If you haven’t had the pleasure of reading the late Philip J. Pauly’s (1) 1994 paper on the unlikely story of Yandell Henderson’s role in bringing about the legalization of 3.2% beer in the U.S. in April, 1933 — eight months before Repeal’s ratification in December, 1933 — then you have a real treat in store. Pauly’s paper showed how Henderson, a Yale physiologist, and incidentally someone with no previous background in alcohol studies, managed to persuade U.S. Senate and House committees that low alcohol content beer did not meet the 18th Amendment’s standard for an “intoxicating liquor.”
In addition to providing Prohibition-weary legislators with a partial escape from the 18th’s increasingly unpopular reign, Henderson’s rhetorical success also sprang from a number of his personal attributes. He was an adept scientific showman, he enjoyed the limelight, he knew how to pitch arguments effectively to a nonscientific audience, and, perhaps most important of all, he liked a good fight. Henderson’s Laboratory of Applied Physiology at Yale would become — less than a decade after Repeal and under his successor as the lab’s director, Howard W. Haggard – the home of both the Yale Center of Alcohol Studies and the Quarterly Journal of Studies on Alcohol, two key institutions in the rise of a post-Repeal mainstream alcohol science establishment in the U.S. Pauly’s account of how expediency drove Congress’s favorable embrace of Henderson’s pronouncements also represents a dramatic case study in self-serving selectiveness and baldly dubious scientific assertions stemming from the interface between science and policy. In what follows, I’ve added merely a footnote to Pauly’s paper, offering further evidence of Henderson’s gladiatorial contrarian inclinations with respect to hot political issues.

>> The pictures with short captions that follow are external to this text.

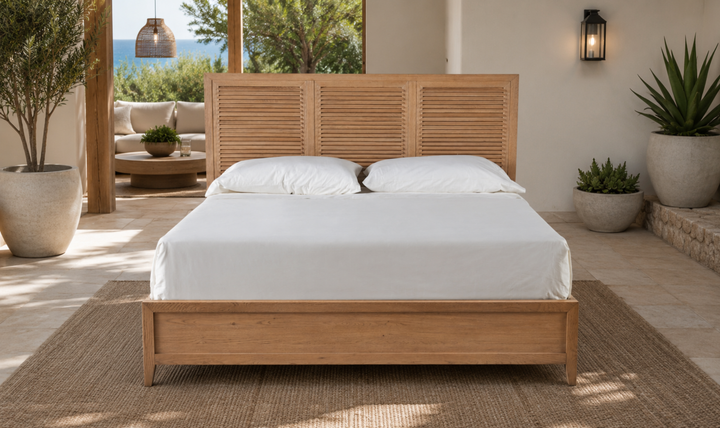 Universal Furniture Weekender Panel Bed (King / Queen Size)-Jennifer Furniture 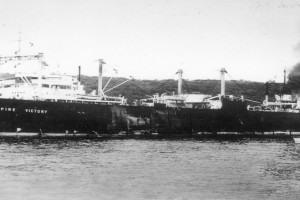 ABRAHAM LARSEN som EMPIRE VICTORY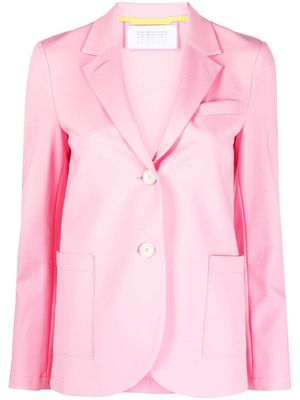 Harris Wharf London single-breasted blazer - Pink
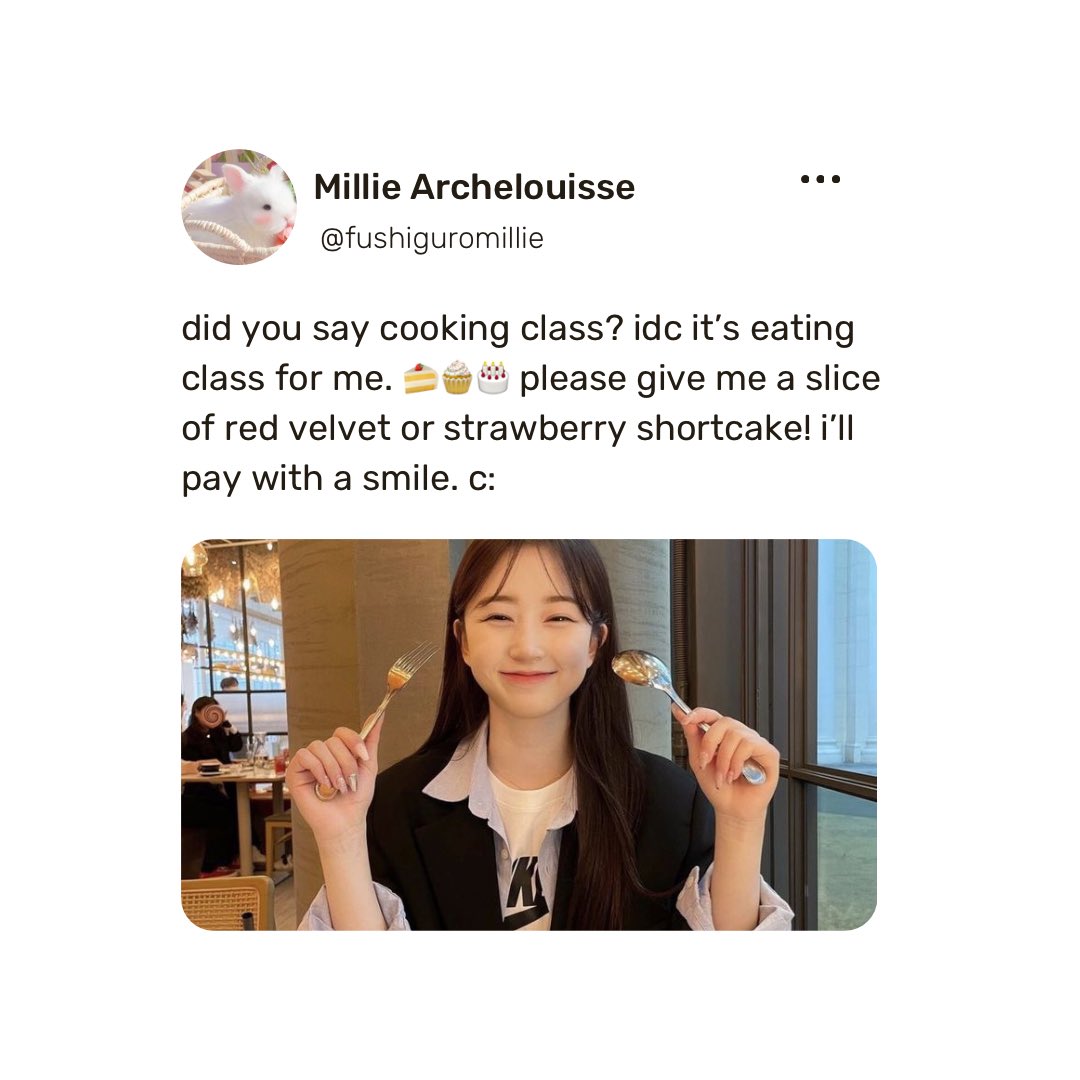 minguripark's tweet photo. ⠀ ⠀

⠀ ⠀ ⠀ ♡ 𝗳𝘂𝘀𝗵𝗶𝗴𝘂𝗿𝗼𝗺𝗶𝗹𝗹𝗶𝗲 just
⠀ ⠀ ⠀ posted a new photo!

⠀ ⠀ https://t.co/9isXT8W5nU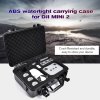 6642 2 startrc abs case for dji mini 2 se mini 2 with rc n1
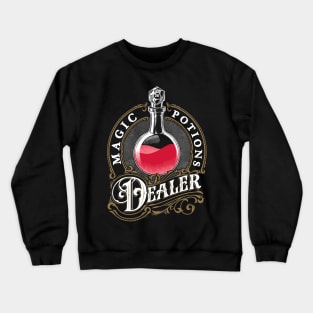 RPG - Magic Potion Dealer - Health Crewneck Sweatshirt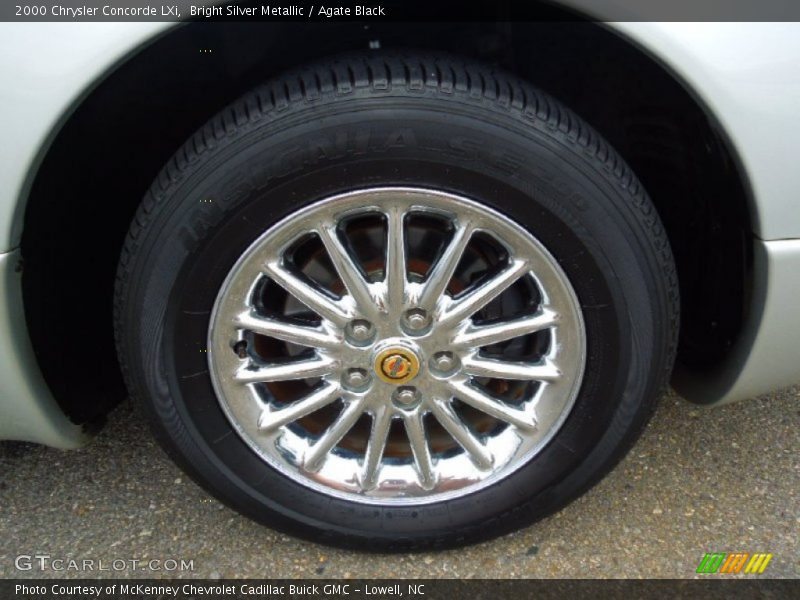 Bright Silver Metallic / Agate Black 2000 Chrysler Concorde LXi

In the U.S. in the pre-World War I period, the anti-beer layer of temperance movement rhetoric was fueled a growing wave of anti-German sentiment. Many of the nation’s major brewers had German company names and German-American chief executives. World War I began in Europe in July 1914. Thereafter, a series of aggressive events – including attacks on U.S. merchant ships by German submarines, the sinking of the Lusitania, and, finally, British intelligence’s interception of the Zimmerman Telegram – led the U.S. to declare war on April 6, 1917.